3. Why do you think painters in this book get nervous about depicting the real world, as opposed to illustrating traditional stories? In what ways can you relate your answer to the sentence, "I don't want to be a tree, I want to be its meaning" (51). (See also p. 35.)
4. Can a single (painted) tree have meaning? (See pp. 47-51, 107-113.)
5. What sort of attraction and fear do you think the miniature painters feel when they see Venetian portraits? (See pp. 6, 26-27, 31, 50-51, 63-64, 107-113.) Why do you think they feel this way?

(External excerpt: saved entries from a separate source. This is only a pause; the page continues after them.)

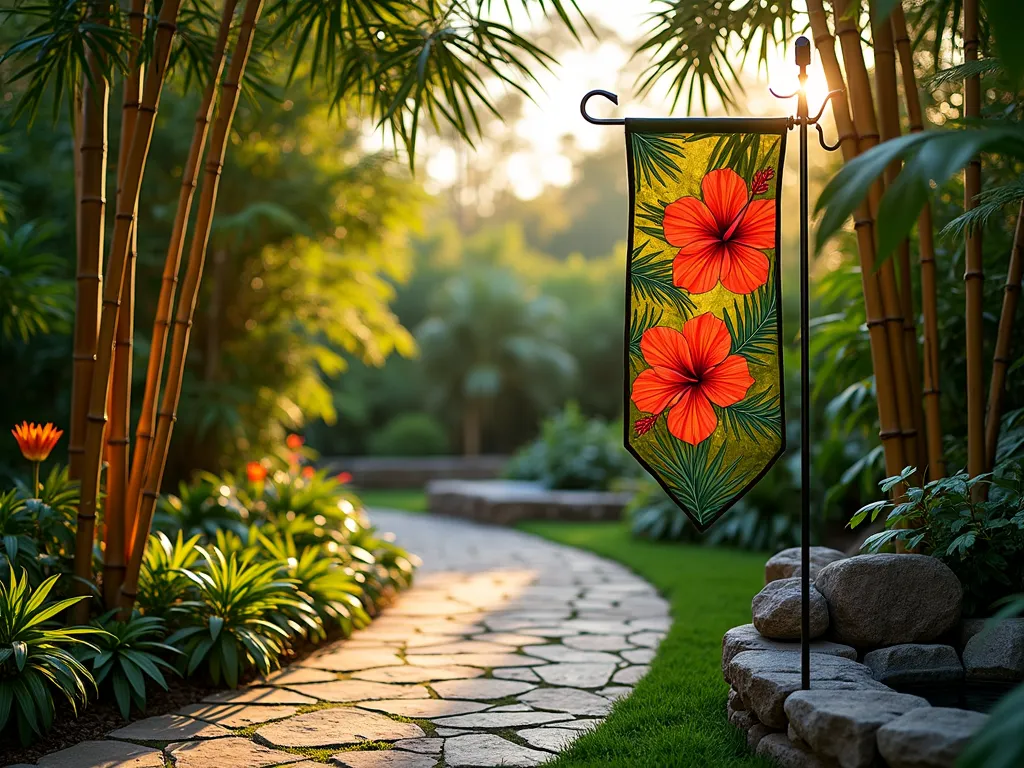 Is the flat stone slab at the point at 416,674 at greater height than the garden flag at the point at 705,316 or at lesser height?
lesser

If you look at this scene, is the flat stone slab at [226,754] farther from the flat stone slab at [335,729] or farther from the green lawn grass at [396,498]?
the green lawn grass at [396,498]

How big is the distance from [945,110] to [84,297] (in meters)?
4.97

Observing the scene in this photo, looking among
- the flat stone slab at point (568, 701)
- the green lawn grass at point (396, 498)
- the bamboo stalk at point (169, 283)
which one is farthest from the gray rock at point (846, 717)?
the green lawn grass at point (396, 498)

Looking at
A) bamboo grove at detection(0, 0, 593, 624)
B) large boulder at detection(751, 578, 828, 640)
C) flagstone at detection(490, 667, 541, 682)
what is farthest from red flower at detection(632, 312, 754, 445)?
flagstone at detection(490, 667, 541, 682)

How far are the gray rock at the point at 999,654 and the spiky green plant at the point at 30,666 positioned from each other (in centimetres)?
250

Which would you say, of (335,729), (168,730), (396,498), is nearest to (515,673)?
(335,729)

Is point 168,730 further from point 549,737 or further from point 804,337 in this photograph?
point 804,337

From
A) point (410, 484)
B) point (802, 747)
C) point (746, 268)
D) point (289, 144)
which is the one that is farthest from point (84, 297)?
point (410, 484)

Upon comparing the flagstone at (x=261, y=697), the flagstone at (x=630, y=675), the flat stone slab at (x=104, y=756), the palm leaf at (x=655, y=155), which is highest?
the palm leaf at (x=655, y=155)

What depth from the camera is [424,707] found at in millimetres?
3143

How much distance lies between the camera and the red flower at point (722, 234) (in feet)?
8.46

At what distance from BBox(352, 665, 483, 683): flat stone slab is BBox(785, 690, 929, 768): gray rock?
1.64m

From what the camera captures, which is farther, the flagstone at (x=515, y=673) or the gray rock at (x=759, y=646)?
the flagstone at (x=515, y=673)

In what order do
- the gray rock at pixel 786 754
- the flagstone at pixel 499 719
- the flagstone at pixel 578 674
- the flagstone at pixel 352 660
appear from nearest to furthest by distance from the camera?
the gray rock at pixel 786 754, the flagstone at pixel 499 719, the flagstone at pixel 578 674, the flagstone at pixel 352 660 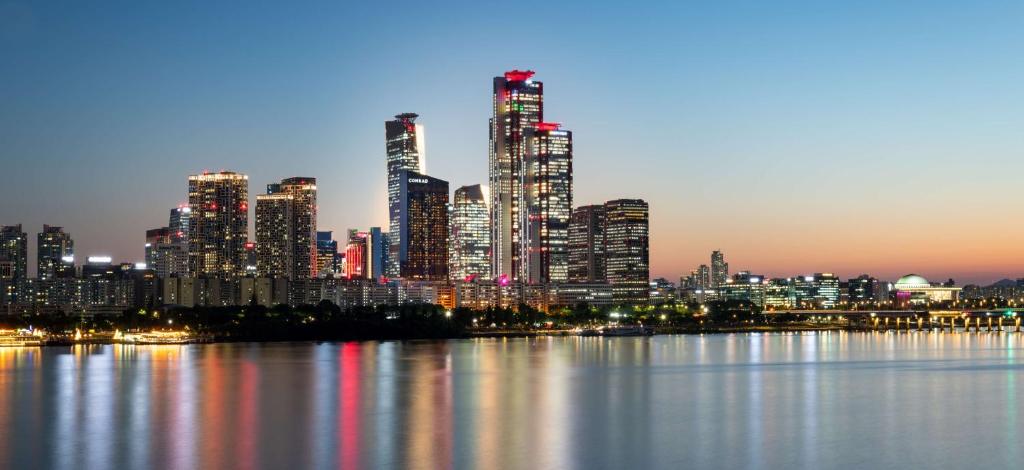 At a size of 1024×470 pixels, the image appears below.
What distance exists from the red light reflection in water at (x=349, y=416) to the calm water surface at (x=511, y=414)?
0.08 m

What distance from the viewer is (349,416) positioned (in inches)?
1992

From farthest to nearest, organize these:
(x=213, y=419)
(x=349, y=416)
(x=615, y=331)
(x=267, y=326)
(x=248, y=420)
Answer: (x=615, y=331) < (x=267, y=326) < (x=349, y=416) < (x=213, y=419) < (x=248, y=420)

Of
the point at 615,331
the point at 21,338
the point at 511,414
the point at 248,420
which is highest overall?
the point at 248,420

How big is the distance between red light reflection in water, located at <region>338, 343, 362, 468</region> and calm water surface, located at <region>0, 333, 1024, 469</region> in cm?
8

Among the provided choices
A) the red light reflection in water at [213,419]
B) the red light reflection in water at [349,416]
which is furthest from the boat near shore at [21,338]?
the red light reflection in water at [349,416]

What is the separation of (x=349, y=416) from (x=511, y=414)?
694 cm

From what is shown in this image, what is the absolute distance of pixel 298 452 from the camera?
129 ft

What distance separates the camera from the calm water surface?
127ft

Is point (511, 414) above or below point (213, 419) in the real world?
below

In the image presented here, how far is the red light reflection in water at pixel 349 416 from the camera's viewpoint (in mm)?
38406

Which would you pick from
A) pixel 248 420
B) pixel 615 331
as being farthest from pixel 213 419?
pixel 615 331

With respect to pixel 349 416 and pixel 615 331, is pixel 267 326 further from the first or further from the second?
pixel 349 416

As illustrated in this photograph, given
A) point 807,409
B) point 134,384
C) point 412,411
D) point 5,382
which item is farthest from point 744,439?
point 5,382

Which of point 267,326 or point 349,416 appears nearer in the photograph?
point 349,416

6. Master Osman says there are three questions one should ask to determine "how genuine a painter is" (60). Why do you think the question of an individual "style" is so important to the Master? In what ways is the question important to other characters in the book? (See pp. 17-18, 60, 62-68, 98, 107-113, 126.)
7. Why do you think "the notion of an endless time" (70) is so valued by miniaturists? In what ways might an individual or Western style of painting threaten this ideal of timelessness? (See pp. 69-75, 107-113.) In what ways might a Western style be more timeless?
8. Do think it is money alone and not style, timelessness, or "blindness" that determines the best painters? (See pp. 67-68, 73, 102-106.)
9. Why do you think blindness is "the farthest one can go in illustrating"? What do you think Master Osman means when he says "it is seeing what appears out of Allah's own blackness" (60)? In what ways is blindness a kind of silence? (See pp. 75-81.)
10. What are some similarities between love and painting? (See pp. 37-38, 39-40, 59, 115.)
11. Do you agree with the murderer that evil is "indispensable to an artist" (101)? Why do you think he says this and what do you think he means by it?